(Data excerpts)
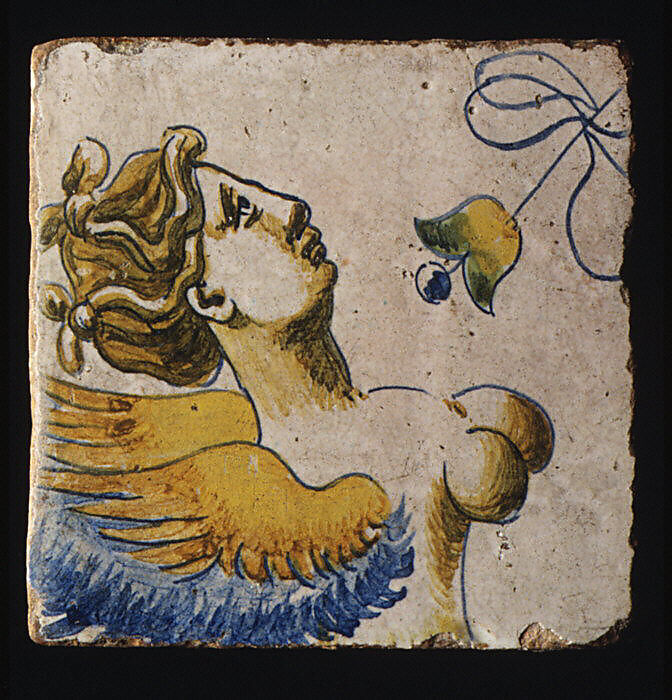 Panel of tiles, Workshop of Masséot Abaquesne (French, active 1538–57), Faience (tin-glazed earthenware), French, Rouen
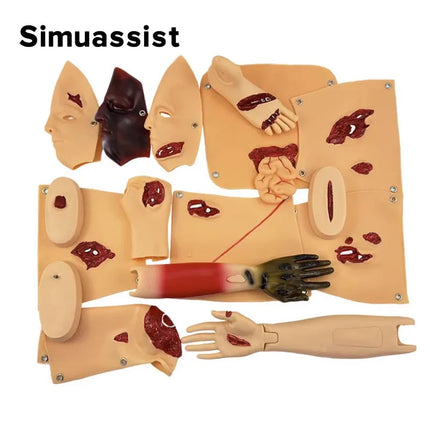 16 Pcs Trauma Evaluation Module Wearable Trauma Care Model Burn Model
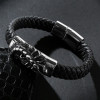 Men's Braided Leather Zodiac Scorpion Steel Magnetic Clasp Bracelet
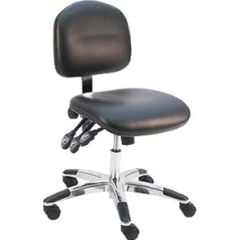 Lissner Lincoln Series Desk Height Cleanroom Chair with Standard Seat & Back, Vinyl, Aluminum Base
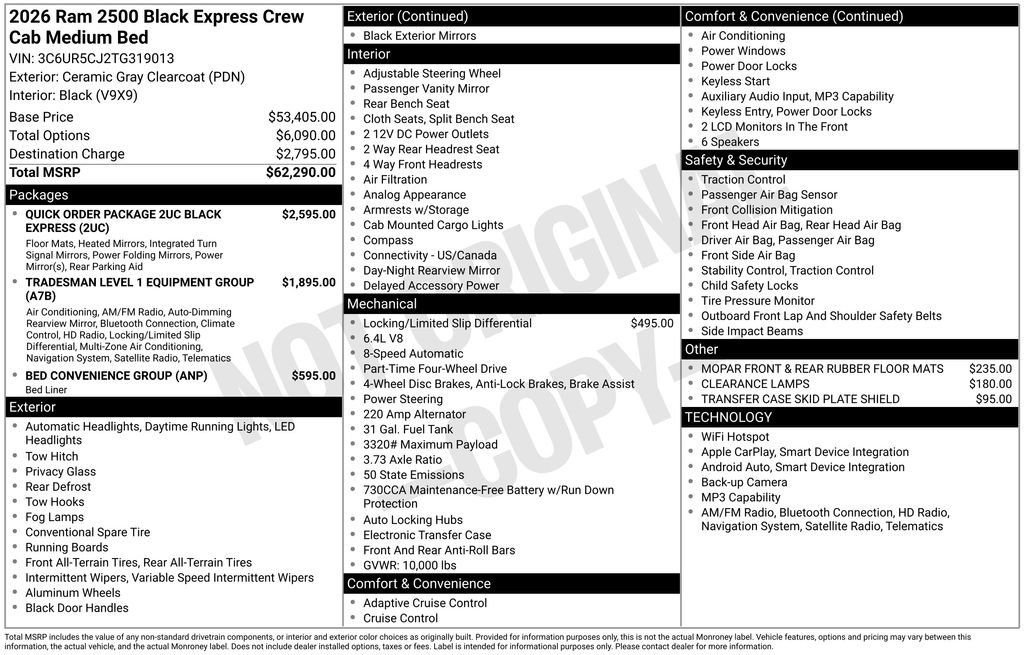 2026 RAM 2500 Tradesman/Black Express 4X4 Crew Cab SWB's photo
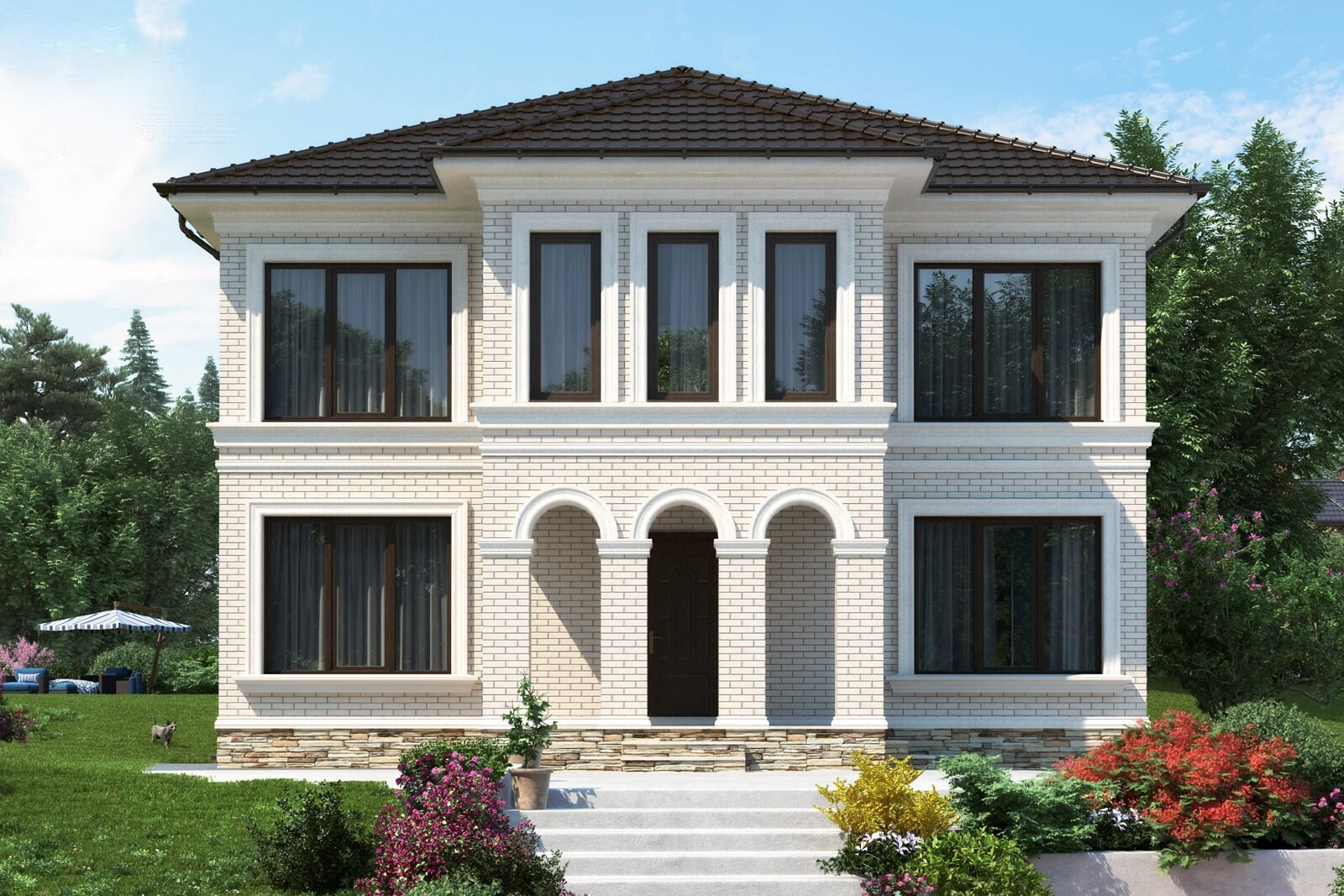 Загородный дом из белого кирпича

=== Your objective ===
For this exercise, copy each line of the data above exactly, from the first through the line containing "Men's Braided Leather", and drop the pictures.

=== Answer below ===
 Panel of tiles, Workshop of Masséot Abaquesne (French, active 1538–57), Faience (tin-glazed earthenware), French, Rouen
 16 Pcs Trauma Evaluation Module Wearable Trauma Care Model Burn Model
 Men's Braided Leather Zodiac Scorpion Steel Magnetic Clasp Bracelet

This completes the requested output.